It shouldn't be this hard
Philip C. Kopp
Writing

Let me say right from the start that I hold Denzler completely responsible. "Hey, as long as you're here, let's have another beer." I should know better, but I'm not always the man Mom wanted me to be.

As has become recent custom, many Wet attendees of VME Wednesday cruised to The George & Dragon for food, drink, and tales of daring and adventure. Jack, kd, Chris, Karen, the usual suspects. And some suspects we haven't hugged lately; Rolland and Karen, Briggs and Tina (I hope that's right), and Annie Maguire, an old VME friend who now runs a B & B on the big island. We had reasons to celebrate.

Finally, we say our good-byes and head for home. Debb and I get to Aurora and 45th and I realize I've neglected to pay the tab. Oops. Debb goes on and I return. Well, my favorite DB1 owner hasn't left yet, so through some sort of psychic mind control, 'we' decided to have one more and that I should buy.

I must have slept really hard and unmoving, because I woke up this morning with one hell of a crick in my neck. Ouch! No looking left for me. Fortunately I've had the opportunity to observe BB in action so I know all about moving my entire upper body to look around. (See a doctor, you hoser!)

Not in the best of shape, I head off to work in my truck. I practically had to get out of the truck a couple of times to check for traffic. I arrived at work to discover that my Boeing badge still lies safe and concealed in the left fairing pocket of the GoldWing at home. Damn! No problem getting in the building, but I need it at the Boeing Employees Credit Union (BECU) this morning. Damn Damn!

Thankfully it's a quiet morning at work. Answer a couple of e-mails, check CNN to see if we're at war anywhere, then leave about 9 to return home, get my badge, and get back to the BECU. My neck is really tightening up so as soon as I get home I down some drugs to ease the pain. Got the badge and I'm off to the BECU.

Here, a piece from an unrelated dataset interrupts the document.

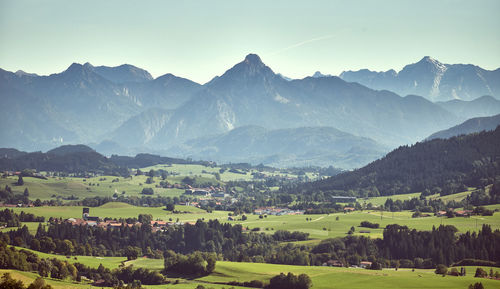 Scenic view of landscape and mountains against sky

I park in the BECU lot and realize I don't have the printed e-mail that has the woman's' name. DAMN! Drive to work up a crawling Evergreen Way and duck into the office to grab the paper. Naturally I get spotted and have to answer urgent questions. Irritated, I cut them sorta short and jump back in the truck. Drive back through crawling traffic to BECU. Get parked and discover I STILL don't have the right piece of paper. DAMN! DAMN! DAMN! Of course, this woman's' first name isn't something simple like Beth or Wendy. No, it's so weird I can't even make a guess. And her last name is two names hyphenated and I have never seen either of them, alone or hyphenated. DAMN! DAMN! DAMN! DAMN! DAMN! DAMN!

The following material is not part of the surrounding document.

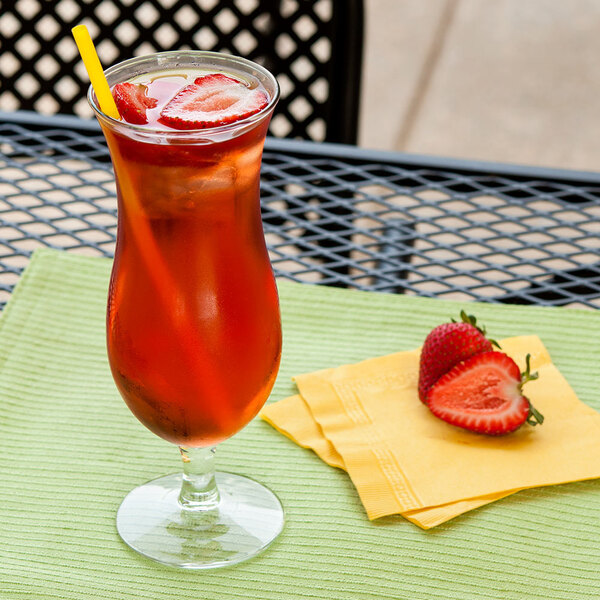 A Libbey hurricane glass of red liquid with strawberries and a straw on a napkin.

I can attest that 'Built Ford Tough' certainly applies to their steering wheels. I hammered it!

It's now 10:50. I'm supposed to meet Patrick at 11:15 at his condo in Mukilteo. Damn! Maybe the gods are trying to tell me something. I sit there for a minute cooling off and a friend from work goes by and says 'Hi'. Well, I guess the whole world hasn't gone completely bonkers, just my morning.

I head toward Patrick in the evil crawling Evergreen traffic. All this caused by two simple things: Patrick won't take a check and "Hey, as long as you're here, let's have another beer."

After waiting two cycles for the light at Evergreen and Casino Road I think to myself, "Fuck it!" I don't need this bike. I lived 50 years without one, I finish up here on this earth without one. If he wants the money, he can load the bike in my truck and follow me back to BECU with the paperwork containing this woman's' name, or he can sell the damn thing to somebody else.

Aaaaaahhhhhhhhh. Enlightenment at last. How often we forget the difference between interesting and important. My neck hurts less, I ignore the traffic and scan the FM dial for some interesting music. In less than an hour, I'll be on with my life, plus or minus one bike. So be it.

Patrick pulls into his condo parking space right ahead of me. I relate a very brief account of my morning. He hesitates and frowns when I explain I haven't got the Cashier's check yet. I explain his options. He comes to the light and we're on our way.

Yes, the line to the cashiers is long, but we chat amiably about his hotted up '79 VW Rabbit. The line moves along nicely, somewhere birds are singing, angels dance on pins, the sun shines eternally, the Eagles are back together.

And in less than an hour I'm back home. The title is signed and transferred and a beautiful red 1990 Honda Hawk, 8000 miles, excellent condition, paid in full, sits peacefully in my garage.

Hey Chris, I'll get the next one too. Its easy.